> **Description of the task**
Give back the entries that follow exactly as written. Any picture gets left out.
┏━━
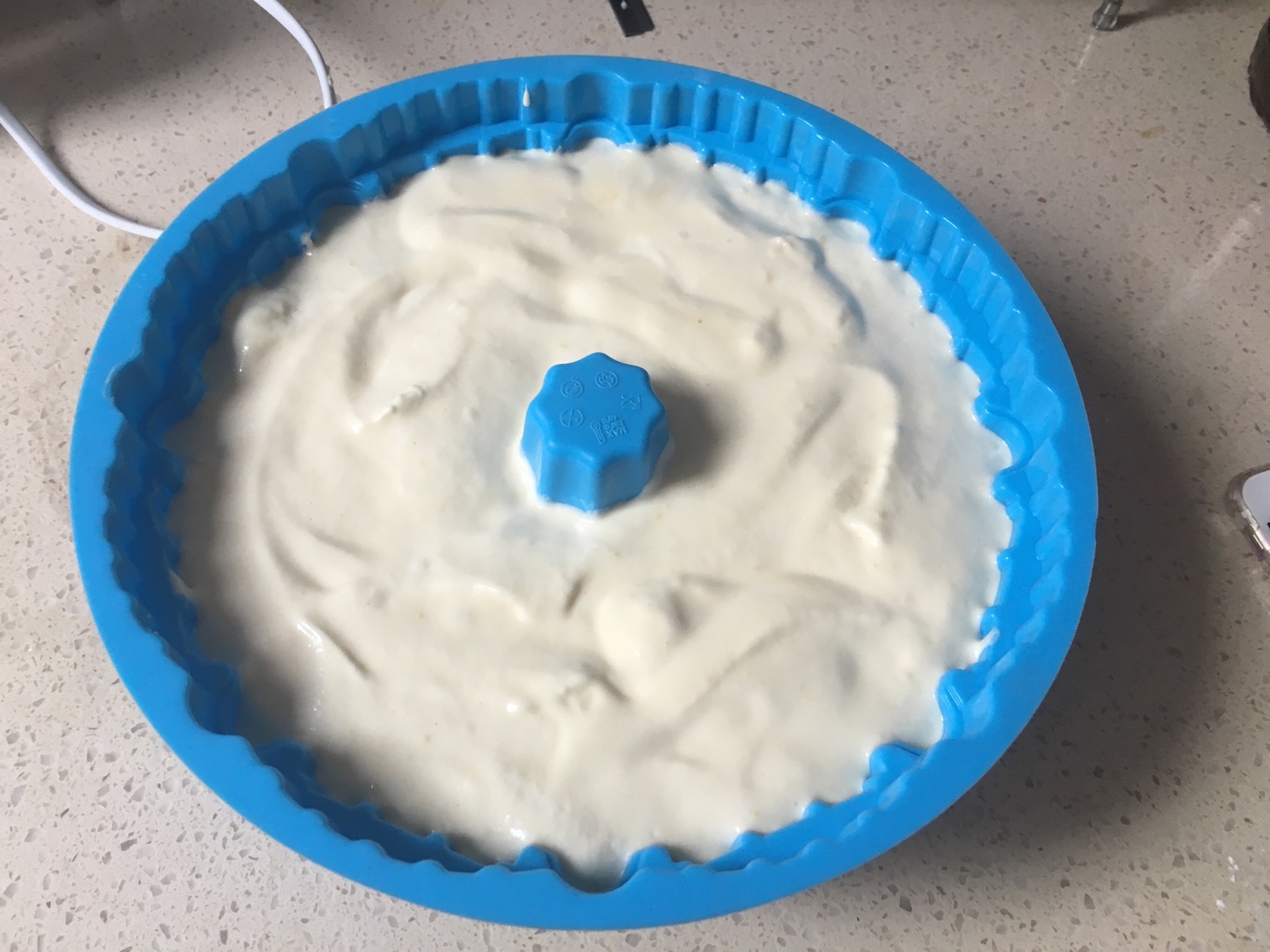 皇冠戚風蛋糕（也可以做成8寸戚風）的做法 步骤7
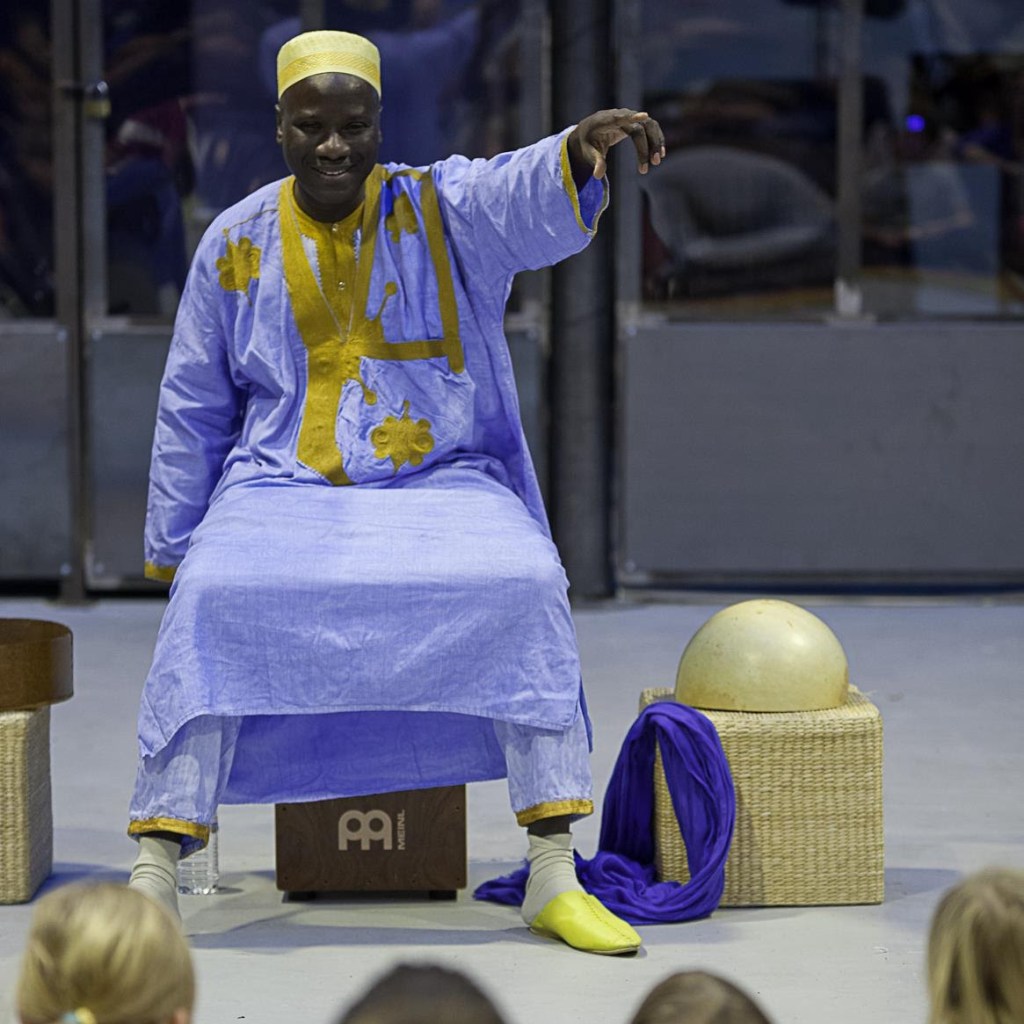 Atelier pour les scolaires. Intervention de Mamadou Sall dans les écoles.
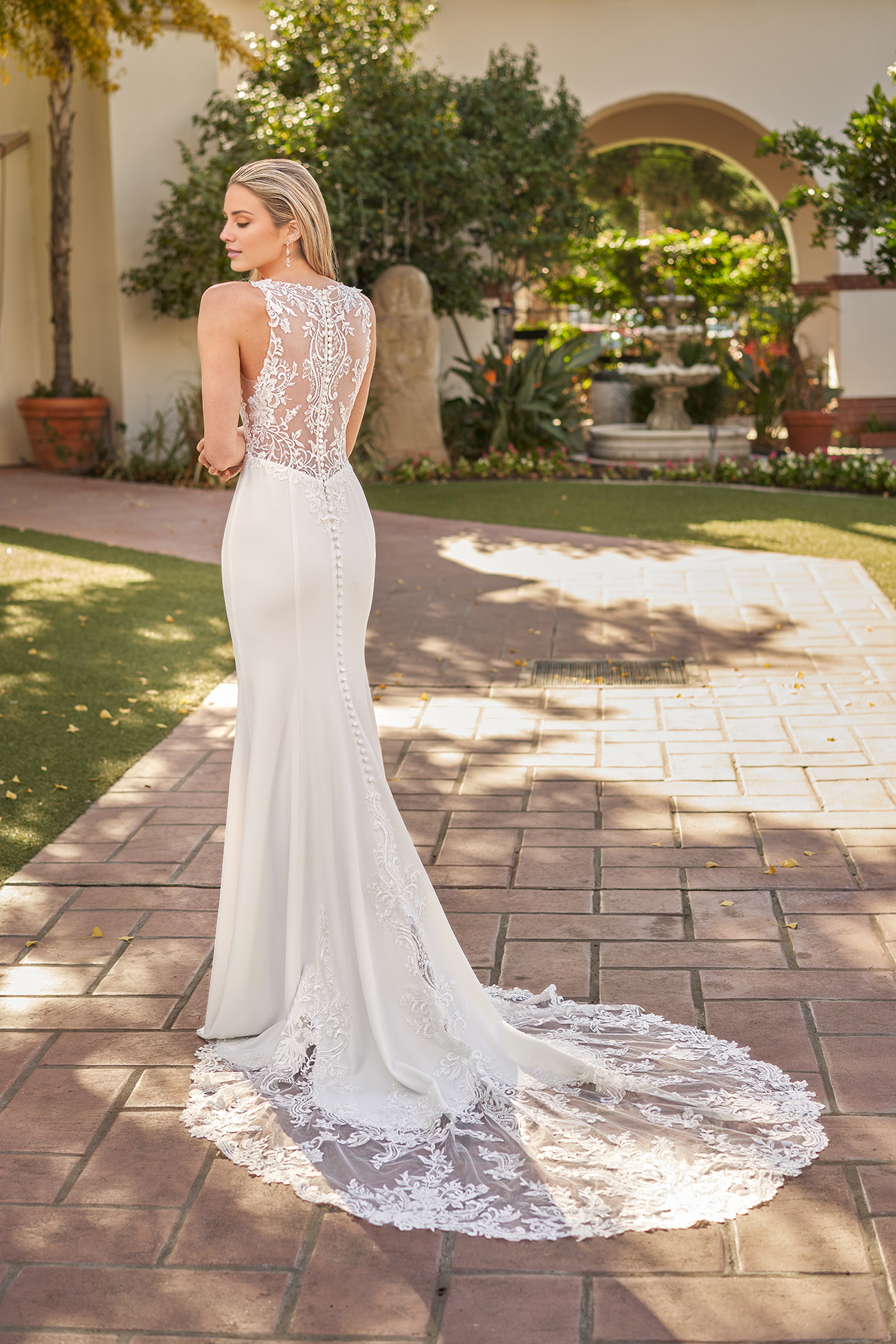 Phantom sequin lace hollow slim fit horn and floor length wedding dress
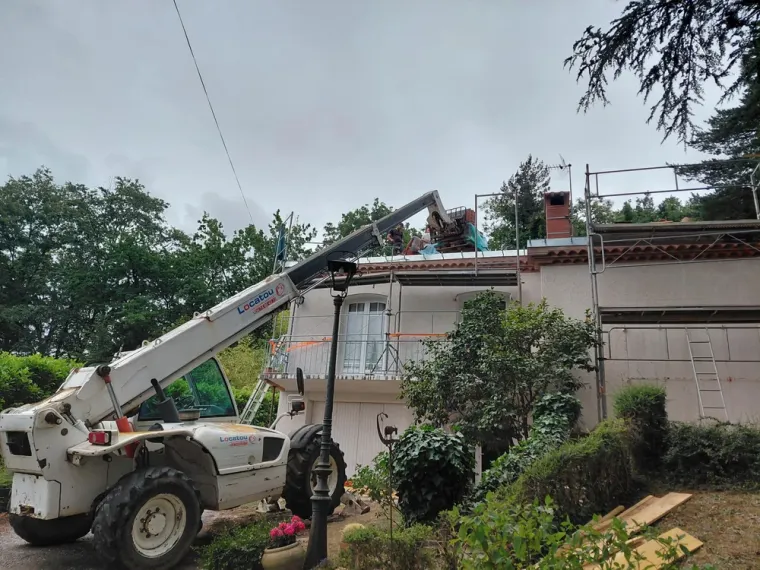 Livraison de tuiles sur l'un de nos chantiers à Saint-Ferréol, Revel, Meurisse Couverture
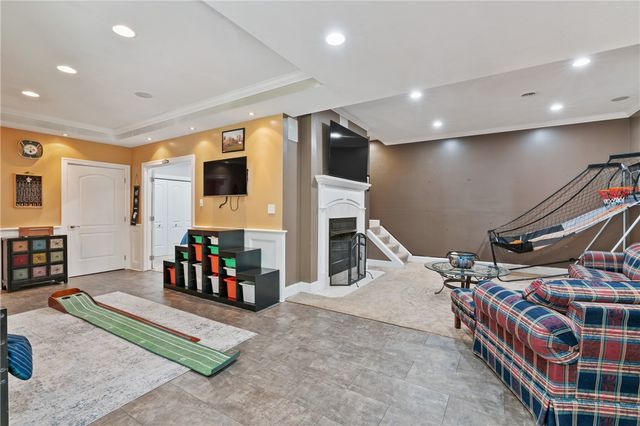 1610 Gill Hall Rd, Jefferson Hills, PA 15025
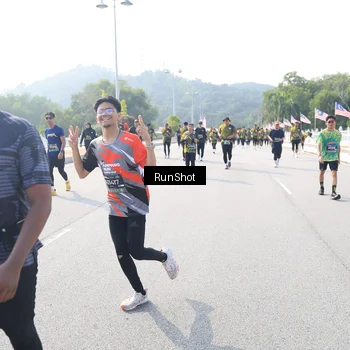 Runner Photo 6929727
┗━━
> **Task answer**
 皇冠戚風蛋糕（也可以做成8寸戚風）的做法 步骤7
 Atelier pour les scolaires. Intervention de Mamadou Sall dans les écoles.
 Phantom sequin lace hollow slim fit horn and floor length wedding dress
 Livraison de tuiles sur l'un de nos chantiers à Saint-Ferréol, Revel, Meurisse Couverture
 1610 Gill Hall Rd, Jefferson Hills, PA 15025
 Runner Photo 6929727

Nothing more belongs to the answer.